Obviously, they all have their own strengths and weaknesses. Balancing those traits is all part of the fun, as each character’s special skills prove invaluable in battle. Those abilities are called Artes and you’ll need to plan your attack carefully: You can swap fighters in and out on the fly, and characters can even be linked together to perform extra damaging moves that crush the competition. You have to embrace the system and formulate a strategy that involves everything from the most basic attack to the most complex Arte. But the depth of the confrontations is only the tip of the iceberg…hope you like micromanagement!

You probably do if you’re a JRPG fan. And you might really love the Lilium Orb system that functions as the character advancement mechanic. This game doesn’t use the standard experience and level-up style; instead, you earn points that you place on a huge grid. It’s not exactly like the Sphere Grid in Final Fantasy X but the idea is similar and it’s just as big (if not bigger). This lets you determine the exact customization and advancement path of each character. I love this because this means I can create the party I want; I can make a jack-of-all-trades or I can produce a character that is an expert in one discipline.

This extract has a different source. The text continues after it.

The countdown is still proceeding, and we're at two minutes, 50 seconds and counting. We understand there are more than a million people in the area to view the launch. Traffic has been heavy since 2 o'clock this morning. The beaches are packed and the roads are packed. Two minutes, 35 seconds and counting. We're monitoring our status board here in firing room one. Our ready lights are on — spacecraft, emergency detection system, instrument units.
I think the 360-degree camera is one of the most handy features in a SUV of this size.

Then there are the skills you can learn from the Lilium Orb. These aren’t Artes; they’re different but they still grant your party members fresh powers. Thing is, these aren’t used in battle. Mainly, they’re statistical boosts, which are of course quite important. If you think this is the only unconventional part of the game, think again— Equipment isn’t handled as you might expect; i.e., buy and sell. You can only unlock new equipment by donating items you find. You might even have to donate some money. I found this a little irritating at first but after a while, you realize that this gives you a lot of freedom.

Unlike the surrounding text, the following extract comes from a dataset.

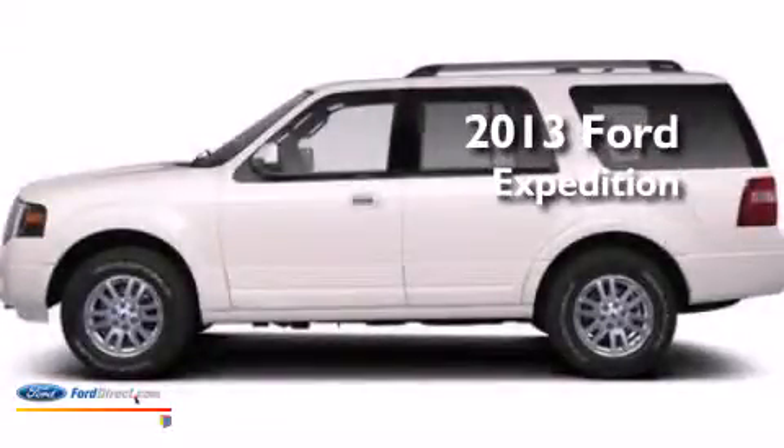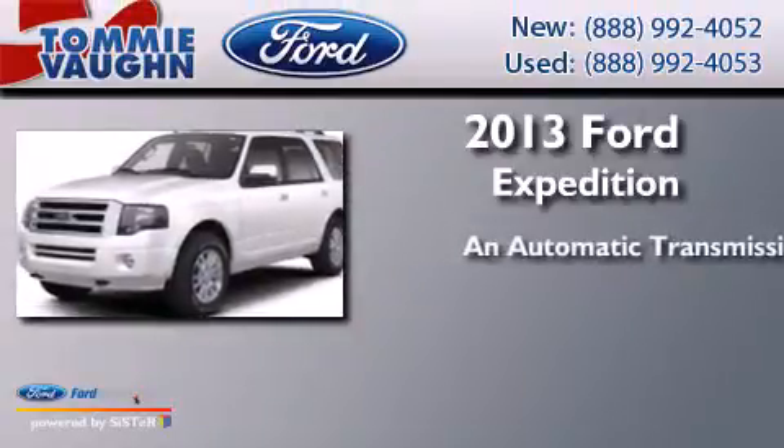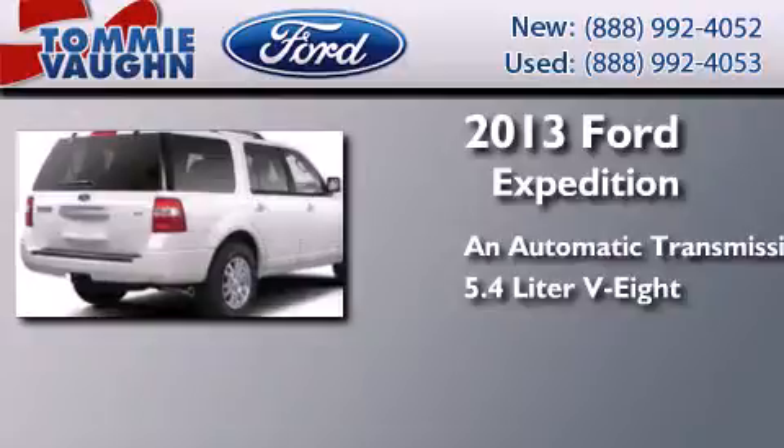This is a brand new 2013 Ford Expedition. This SUV has an automatic transmission and a 5.4-liter V8.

There’s no world map, which I always find disconcerting. There’s a quick-travel system that works extremely well, but I don’t particularly like it, just because it feels like a way to avoid “slow” travel. Some of us want to experience the environment, after all. But at least the loading times are fast and quick travel becomes very handy when you start tackling the side quests. There are lots of side quests, too. I have some issues with the balance of the combat mechanic as well, and here’s my biggest problem: The game doesn’t seem to excel in any one area. The story is okay and the gameplay is good but not great.

As such, Tales of Xillia might feel somewhat underwhelming. There’s nothing I can point to and say, “that’s absolutely fantastic.” It’s all pretty good, even great in some ways, but the overall package isn’t especially impressive. But hey, it’s catnip for JRPG fans, mostly because of the amount of content (at least 40-50 worth), the engaging combat, the freedom and depth of customization and micromanagement, and the charming presentation. The good news is that Namco Bandai obviously understands their target audience. The result isn’t going to win any awards, but it will make those fans smile. And that’s nothing to sneeze at.

The Good: Pleasing visual palette. Good soundtrack. In-depth character advancement system. Well-designed combat mechanic. Fast-travel is a big plus for completionists. Solid pacing. Plenty of content for the JRPG fan.

The Bad: Slightly dated. Story isn’t as accomplished as one would hope. Equipment system is questionable.

The Ugly: “The writing in JRPGs simply needs to catch up with the rest of the world.”